DATA SECTION section start

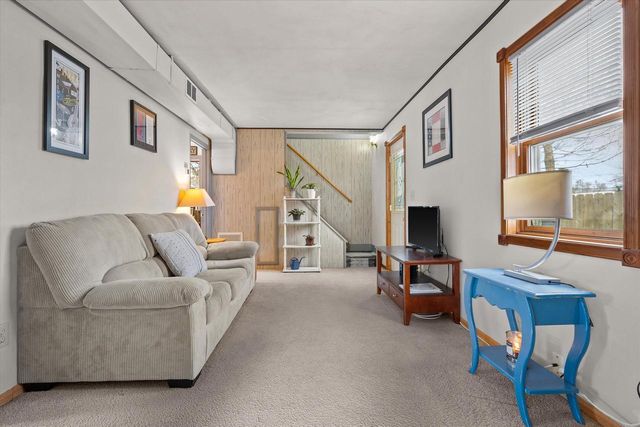 324 Douglass AVENUE, Waukesha, WI 53186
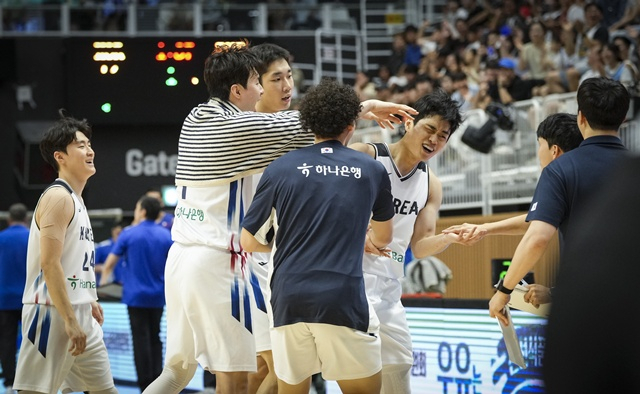기뻐하는 한국 선수들. /사진=대한민국농구협회 제공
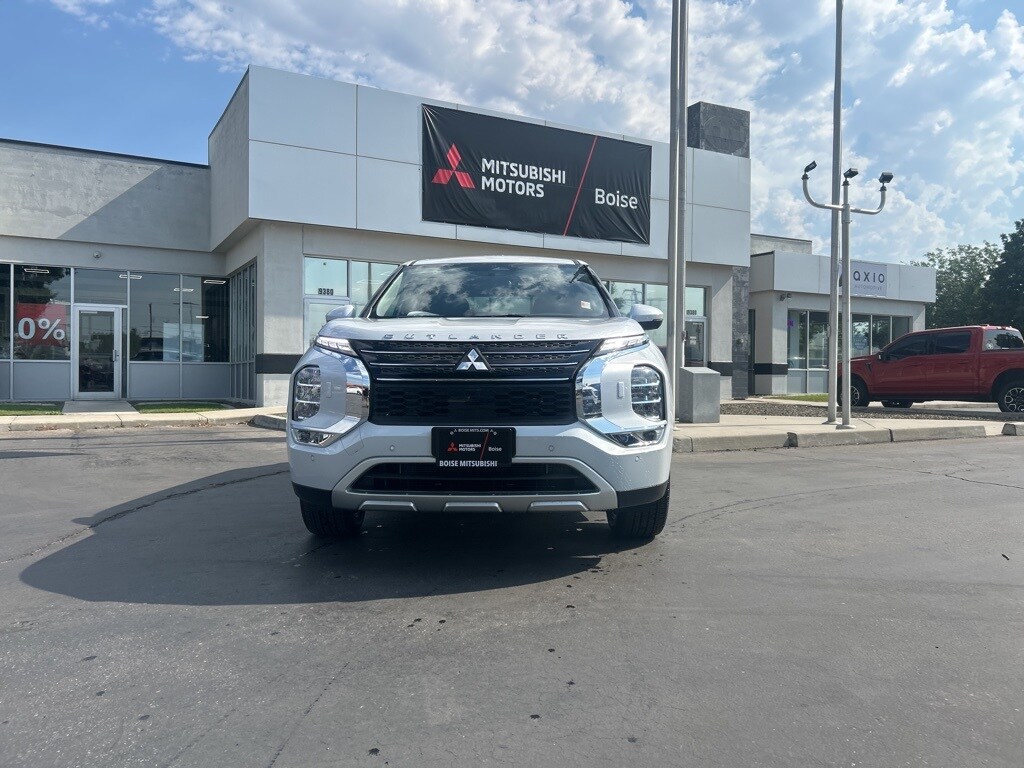 2025 Mitsubishi Outlander PHEV SE photo 2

DATA SECTION section end

**WHAT YOU NEED TO DO:**
What's needed is a word-for-word retyping of the listing, minus its pictures.

**ANSWER SECTION:**
 324 Douglass AVENUE, Waukesha, WI 53186
기뻐하는 한국 선수들. /사진=대한민국농구협회 제공
 2025 Mitsubishi Outlander PHEV SE photo 2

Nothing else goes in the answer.